Exotics specialist HLB Specialties has launched a new papaya variety to bring cheer to consumers during their winter confinement.

Samba, a proprietary variety developed by some of the company’s growers in Brazil, is slightly larger than a Golden papaya, with a darker flesh, higher Brix and longer shelf-life.

Lorenz Hartmann de Barros, CEO of the group’s German import arm HLB Tropical Food, describes Samba as “the Golden papaya’s hot, sexy cousin”. He says it is already proving popular with consumers on the Continent and is now all set to launch in the UK via a major retailer.

“Samba combines all the best characteristics of a normal papaya, delivering fantastic flavour and a great aftertaste,” he tells Fruitnet.
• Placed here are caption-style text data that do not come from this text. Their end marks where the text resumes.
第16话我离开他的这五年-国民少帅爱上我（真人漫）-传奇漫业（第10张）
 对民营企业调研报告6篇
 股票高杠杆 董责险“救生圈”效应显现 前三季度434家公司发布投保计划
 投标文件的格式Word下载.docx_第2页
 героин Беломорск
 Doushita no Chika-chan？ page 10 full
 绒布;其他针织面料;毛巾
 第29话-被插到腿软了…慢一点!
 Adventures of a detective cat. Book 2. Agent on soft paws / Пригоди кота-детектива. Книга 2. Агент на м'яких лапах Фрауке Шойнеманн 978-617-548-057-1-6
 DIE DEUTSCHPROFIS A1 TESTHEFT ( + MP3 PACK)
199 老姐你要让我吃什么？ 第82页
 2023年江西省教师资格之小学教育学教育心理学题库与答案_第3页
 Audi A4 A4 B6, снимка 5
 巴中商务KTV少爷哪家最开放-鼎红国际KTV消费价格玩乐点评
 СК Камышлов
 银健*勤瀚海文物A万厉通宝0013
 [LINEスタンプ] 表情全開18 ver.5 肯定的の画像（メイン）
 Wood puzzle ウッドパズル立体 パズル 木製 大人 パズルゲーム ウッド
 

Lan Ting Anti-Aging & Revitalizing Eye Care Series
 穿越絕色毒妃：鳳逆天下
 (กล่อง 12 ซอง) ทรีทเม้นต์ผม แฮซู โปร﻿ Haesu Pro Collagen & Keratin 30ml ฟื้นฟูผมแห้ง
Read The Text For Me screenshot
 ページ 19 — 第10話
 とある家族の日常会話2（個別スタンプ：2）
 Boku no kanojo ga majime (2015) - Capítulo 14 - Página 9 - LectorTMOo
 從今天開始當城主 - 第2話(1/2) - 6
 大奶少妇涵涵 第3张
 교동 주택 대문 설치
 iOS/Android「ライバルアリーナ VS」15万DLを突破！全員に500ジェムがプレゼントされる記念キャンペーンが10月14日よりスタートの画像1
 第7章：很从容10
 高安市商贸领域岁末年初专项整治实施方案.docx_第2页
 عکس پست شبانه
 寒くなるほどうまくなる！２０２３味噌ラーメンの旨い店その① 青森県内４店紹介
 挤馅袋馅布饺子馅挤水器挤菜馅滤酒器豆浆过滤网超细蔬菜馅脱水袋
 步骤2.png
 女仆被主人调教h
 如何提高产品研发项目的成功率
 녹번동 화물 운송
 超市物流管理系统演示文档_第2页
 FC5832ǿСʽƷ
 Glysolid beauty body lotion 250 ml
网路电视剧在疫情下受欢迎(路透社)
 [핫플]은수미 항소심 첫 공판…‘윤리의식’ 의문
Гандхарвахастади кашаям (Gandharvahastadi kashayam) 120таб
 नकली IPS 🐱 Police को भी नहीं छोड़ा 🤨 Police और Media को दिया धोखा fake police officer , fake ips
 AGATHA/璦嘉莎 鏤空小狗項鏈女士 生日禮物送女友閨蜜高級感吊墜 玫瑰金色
According to Hartmann de Barros, retail demand for papayas and other exotics has grown as consumers seek out tasty treats to brighten up their daily lives during lockdown.

“At the beginning of the pandemic, we saw a shift towards basic products with a longer shelf-life as people adopted a bunker mentality in what they thought was a temporary situation. But people no longer want to live their lives on hold,” he says.

“In the absence of travel we provide the next best thing – a bit of tropical sunshine on a plate.”

All of HLB’s papayas are imported by air, guaranteeing that they reach the consumer in optimum condition. This has made the start to 2021 particularly challenging in light of the UK ban on flights from South America and the more recent decision by the Dutch government to block flights from Brazil.

Fortunately, Hartmann de Barros says the company has built up extensive contacts within the airline and logistics sector in the 30 years it has been operating and is able to call on alternative routes, so that the product can still get through to customers.

“We always joke that we’re more of a logistics specialist than a fruit company,” he laughs, adding: “a good supplier differentiates themselves from an average one by knowing what to do when things get complicated”.

And there’s no doubt that HLB, like all other fruit and vegetable suppliers, faces a tough outlook, not just in terms of logistics, but also the market situation. Around half of the company’s sales go through the wholesale channel, which has effectively shut down during lockdown.

Hartmann de Barros remains optimistic, however. “There are always new retail opportunities, especially now that consumers are looking to treat themselves at home, and I am proud to be able to offer consumers healthy, nutritious and delicious products during this challenging time,” he says.

“We work closely with our retail partners to put on promotions wherever we can, and the extra volume diverted from the wholesale channel is helping us to deliver that.”